Before we left Biloxi we took a drive east past the towns we had heard so much about during Hurricane Katrina - Pass Christian and Bay St. Louis. Very sad. We could have taken lots of photos of building foundations or brick stairs leading to nowhere, but it was all just such a bummer. Occasionally, we could see some rebuilding in process, but mostly it was green and empty. Sometimes it was hard to imagine what we weren't seeing, since we were unfamiliar with this particular spot. If you are interested, they are plenty of good websites with before and after photos of this area. Mississippi has always been one of our poorer states and now with the hurricane damage to the north, the oil slick approaching, and the bad economy we are all suffering from, you have to wonder how much more they can handle. Every direction we drove from Biloxi, we crossed large bridges over huge rivers and inlets and they all had clearly been rebuilt or were totally new. Right after Katrina folks living here must have been totally isolated.

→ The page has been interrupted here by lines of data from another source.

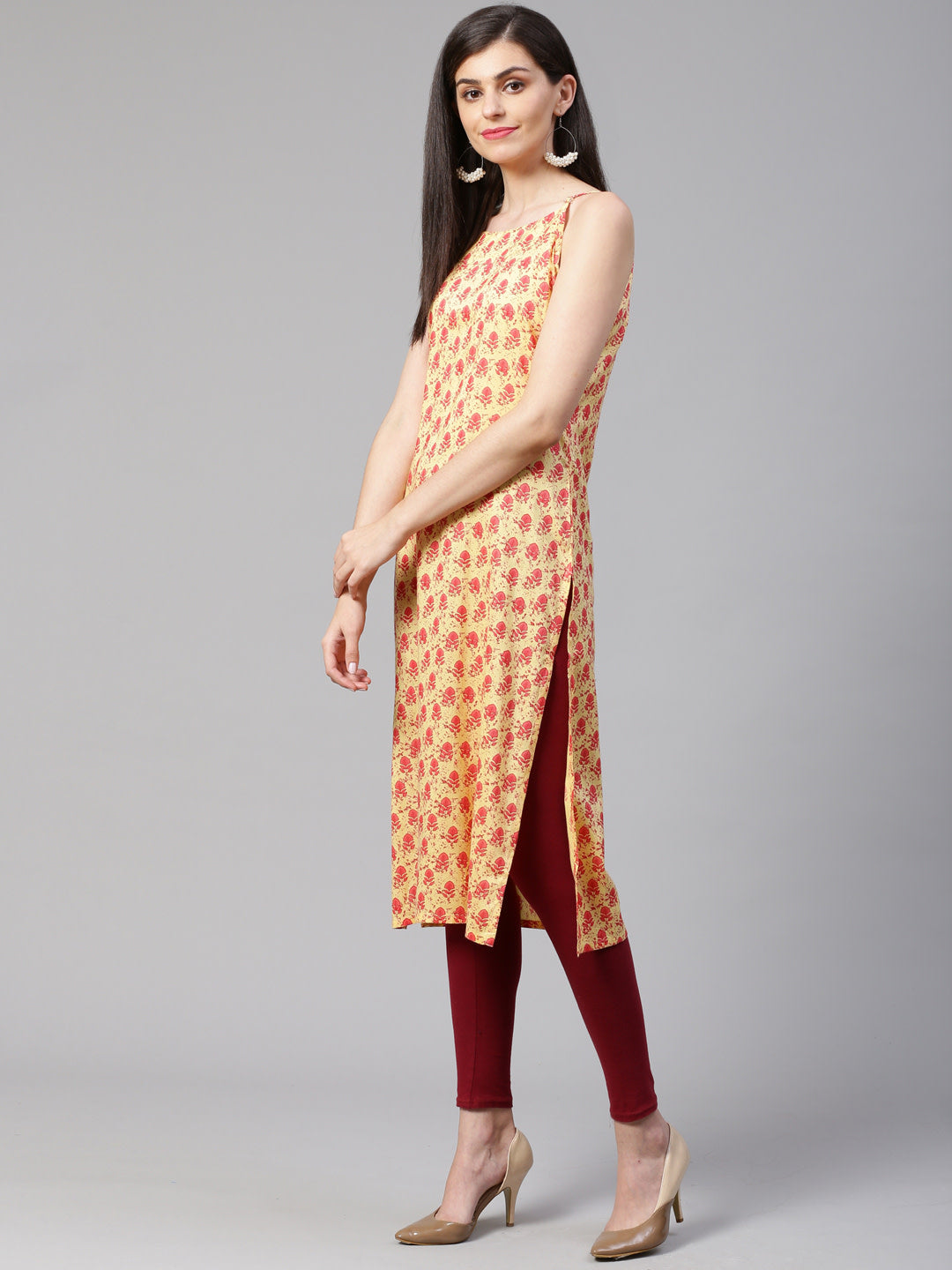 Jompers Women Yellow Printed Straight Kurta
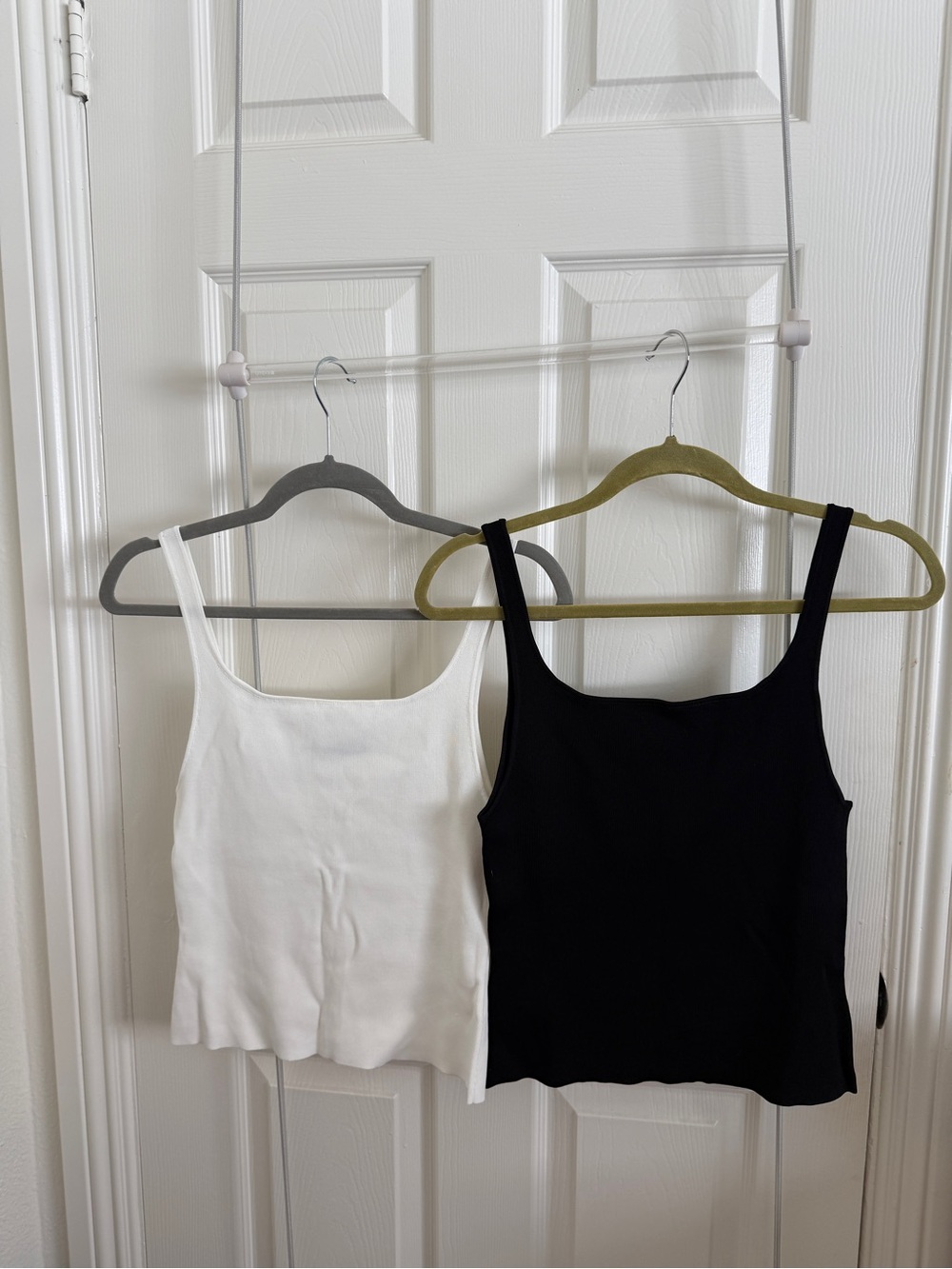 Set of 2 Tuckernuck Alba Tank NWOT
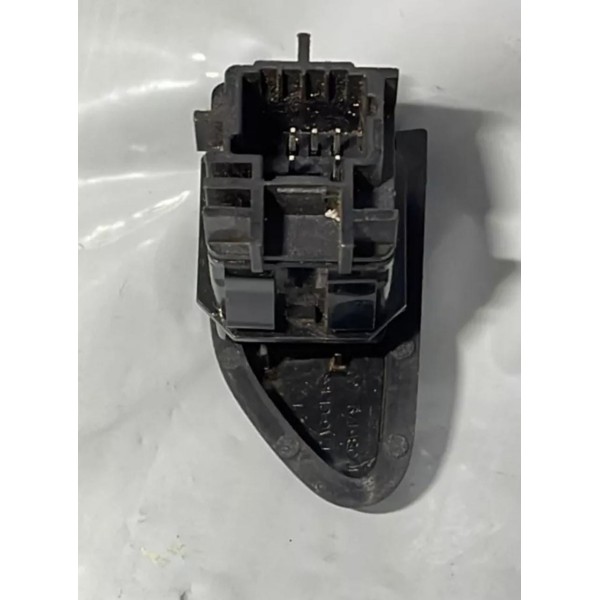 Botão Pisca Alerta Renault Captur Duster Oroch 252907372r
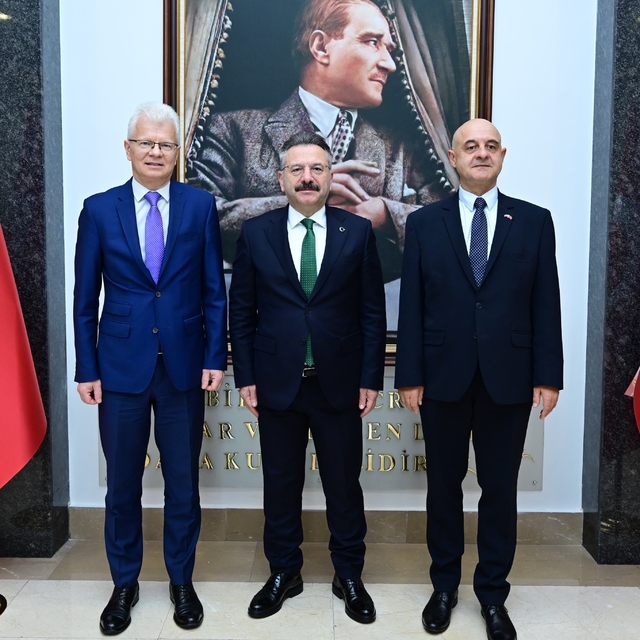 Polonyalı ve Litvanyalı büyükelçilerden Eskişehir Valisi Aksoy'a ziyaret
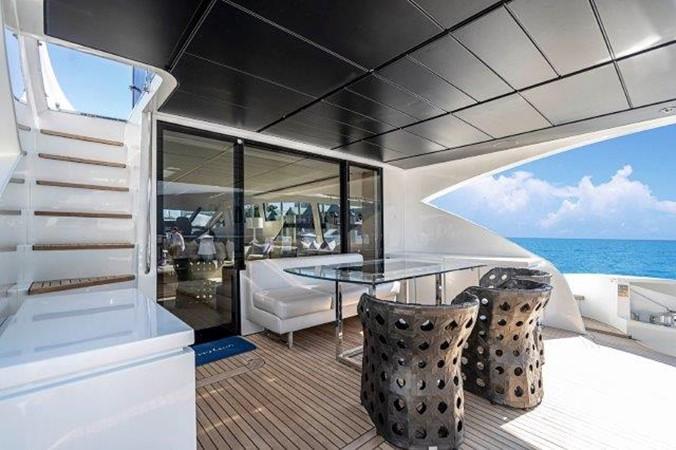 yacht Coal Blooded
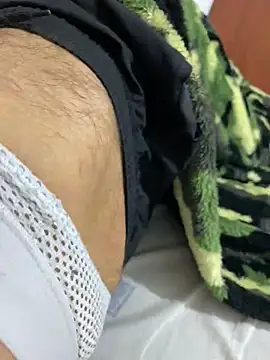 Snapshot of dantedesirexx chatting on February 3, 2025, 4:46 am dantedesirexx online show from February 3, 2025, 4:46 am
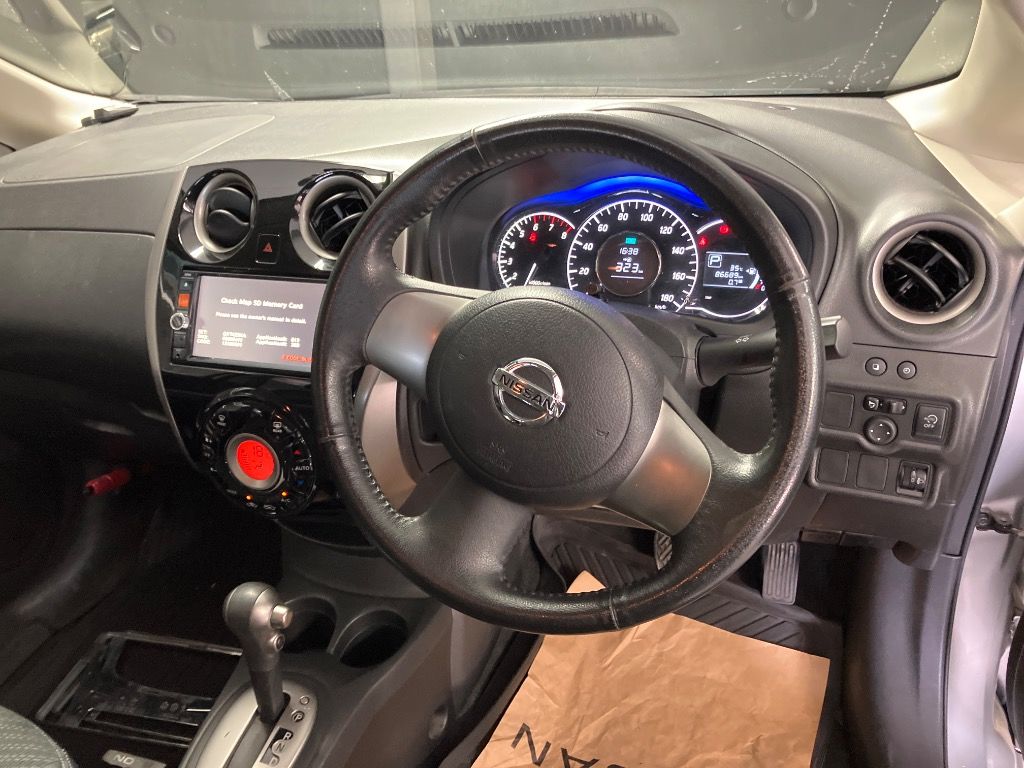 2013 Nissan Note メダリスト auction photo 3
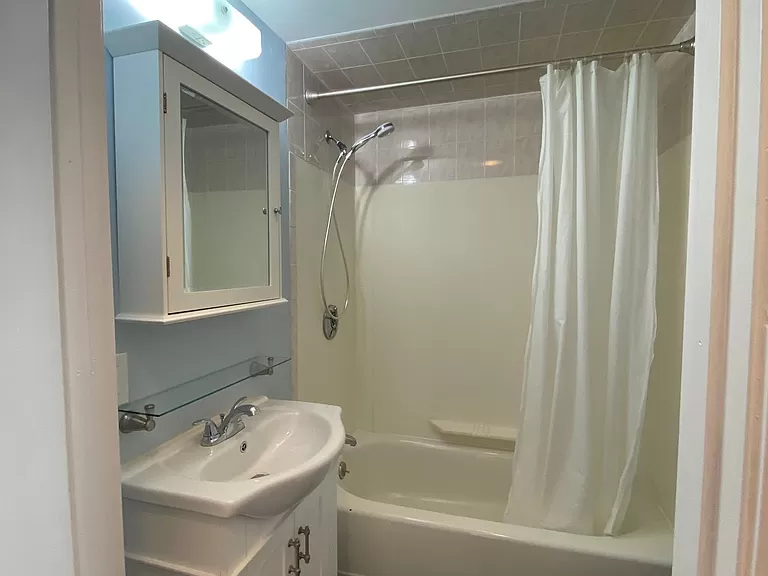 83 Hudson St, Davis Square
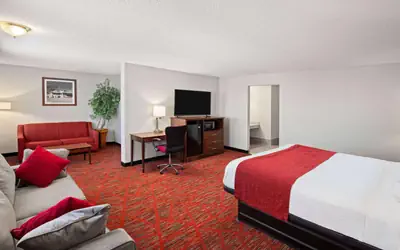 Ramada by Wyndham Bowling Green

As we drove toward our final destination for this journey, our route took us through Alabama almost the entire day. We looked for reasons to stop and sight see, but couldn't find a good excuse to pause. It would have been interesting to see the Tuskegee Institute where George Washington Carver invented 500 uses for the peanut, but there were no campgrounds nearby. Most of the campground were in the Auburn area and seemed devoted to their illustrious football team. We went on. According to the GPS the drive was going to take about an hour longer than we had planned. Then we figured out that this GPS knew we were changing time zones. Pretty cool! By the time I lose my mind altogether, machines will stand ready to compensate for all my inadequacies.
We're in an Army Corps of Engineers campground on a lake for $11/night. Such a deal. However, the area is heavily treed and it took our satellite dish all night to get connected. It feels good to be back on the grid.